March 4, 2005

PERILS OF ISLAMOPHOBIA:

Neighbor, other man charged in slaying of Jersey City family (WAYNE PARRY, 3/04/05, The Associated Press

The upstairs neighbor of an Egyptian Christian family found slain in their home in January was charged Friday, along with another man, in the murders.

Edward McDonald, 25, who rented a second-floor apartment above Hossam Armanious and his family, pleaded not guilty to four counts of felony murder. Hamilton Sanchez, 30, faces the same charges and also pleaded not guilty.

Sanchez during a court hearing began crying as he stood before a judge, his hands cuffed behind his back.

"I didn't kill nobody. I didn't kill nobody, man. I didn't kill nobody, people," Sanchez said, as he was led from the courtroom. McDonald stared at the floor during the hearing.

Both men, who were on parole for different drug offenses, were ordered held on $10 million cash bail.

Authorities said Armanious, 47; his wife, Amal Garas, 37, and their children - Sylvia, 15, and Monica, 8 - were slain three days before their bodies were found Jan. 14.

Hudson County Prosecutor Edward DeFazio said the killings took place in the course of a robbery by the two men, who owed a large sum of money to a person whom DeFazio would not identify.


An awful lot of folks who should have more sense have talked about this as if it could be assumed an act of Islamic terrorism.

Posted by Orrin Judd at March 4, 2005 5:54 PM
Comments

Listening to the radio in the NYC area over the past few weeks, I think many people wanted it to be - for the excitement factor.

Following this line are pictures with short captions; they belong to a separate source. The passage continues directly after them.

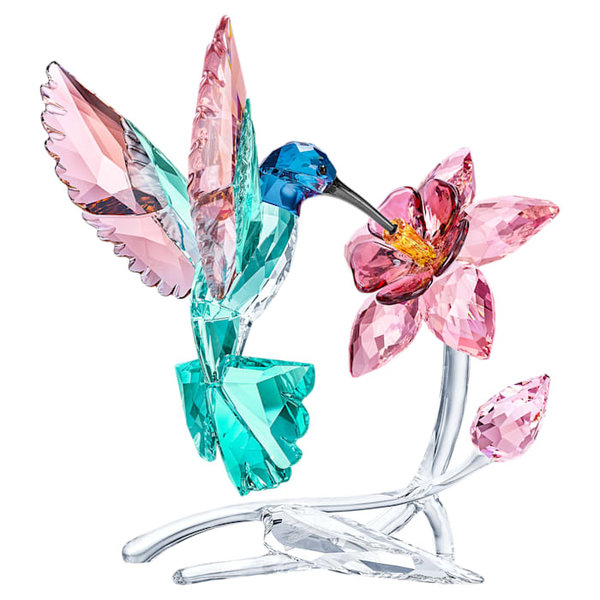 Kristal Crystal Paradise; Hummingbird - Tomylo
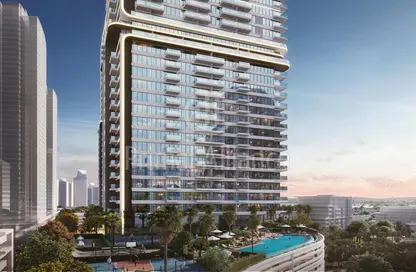 Apartment - 1 Bedroom - 1 Bathroom for sale in Upper House West - Upper House - Jumeirah Lake Towers - Dubai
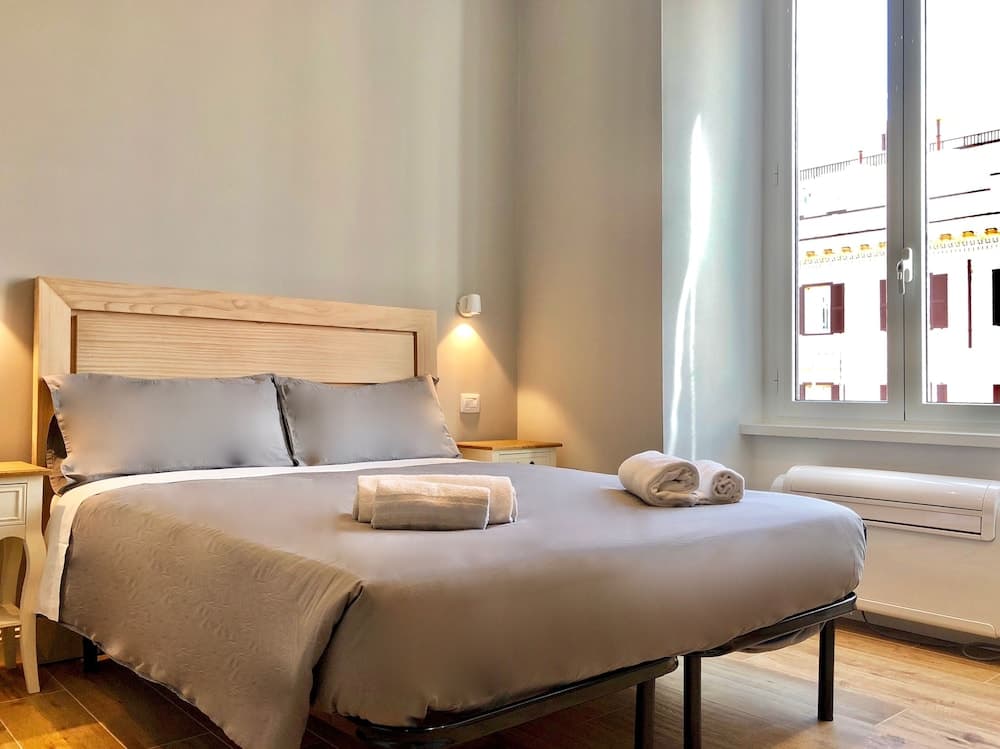 Audrey's Roman Holidays Suites&Rooms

Posted by: jim hamlen at March 4, 2005 7:25 PM

If police had released the information earlier that the ATM card of one of the family members had been used several times at a Bank of America branch following the murders, there probably would have been less talk about a religious motive to the slayings (though from the police point of view, that was less important than getting the security camera tapes of who used the card without them knowing about it).

Posted by: John at March 4, 2005 11:31 PM

It's the cops fault folks jumped to bigoted conclusions?

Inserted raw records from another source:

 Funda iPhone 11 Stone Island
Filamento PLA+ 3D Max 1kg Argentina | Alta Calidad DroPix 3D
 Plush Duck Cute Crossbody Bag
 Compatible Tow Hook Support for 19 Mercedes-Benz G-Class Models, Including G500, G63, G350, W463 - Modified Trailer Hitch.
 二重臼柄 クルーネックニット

Posted by: oj at March 4, 2005 11:40 PM

Well, initial reports were that none of the jewelry was taken, making robbery seem unlikely as a motive. There were also death threats against the family. And Copts are a persecuted minority in Egypt. I wouldn't agree that it could be assumed to be Islamic terrorism, but until the news about the ATM card came out it certainly looked like the way to bet. Or are you saying that if someone gets killed, people who previously made death threats shouldn't be prime suspects?

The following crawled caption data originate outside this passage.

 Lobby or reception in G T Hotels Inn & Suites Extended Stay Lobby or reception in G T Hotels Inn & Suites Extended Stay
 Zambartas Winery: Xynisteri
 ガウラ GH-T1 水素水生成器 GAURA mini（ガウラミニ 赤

Posted by: Annoying Old Guy at March 5, 2005 12:04 AM

I'm saying that people jumped to conclusiuons because of their own hatreds.

Posted by: oj at March 5, 2005 8:06 AM

oj,

Jersey City was the home of the blind sheik. It was the home base of the Muslims who tried to blow up the WTC the first time. There is significant violence between the Coptic community and the Muslim Egyptians there.

The family had been subjected to death threats from Muslim extremists before they were murdered.

Bigotry? Hardly. Merely a logical inference from the information at hand. The press didn't exactly play up the two lowlives with the apartment in the Armanious' building.

Posted by: Bart at March 5, 2005 10:40 AM

Bart:

That it is what you believed hardly mitigates against the idea that it was simple-minded bigotry.

Posted by: oj at March 5, 2005 10:54 AM

OJ --

Lots of people suspected a Muslim connection with the 2002 D.C. sniper shootings, even though outlets like the New York Times, with Jayson Blair in the lead, dreided those folks as racist and pointed in the directions of domestic right-wing white supremacists as the likely killers. As it turned out, lots of people were right (and eventually Blair was out of a job), though in this case the religous-based hatred of the killers came from a domestic, instead of a foreign-born source, as was the case with the Jersey City WYC bombers in 1993.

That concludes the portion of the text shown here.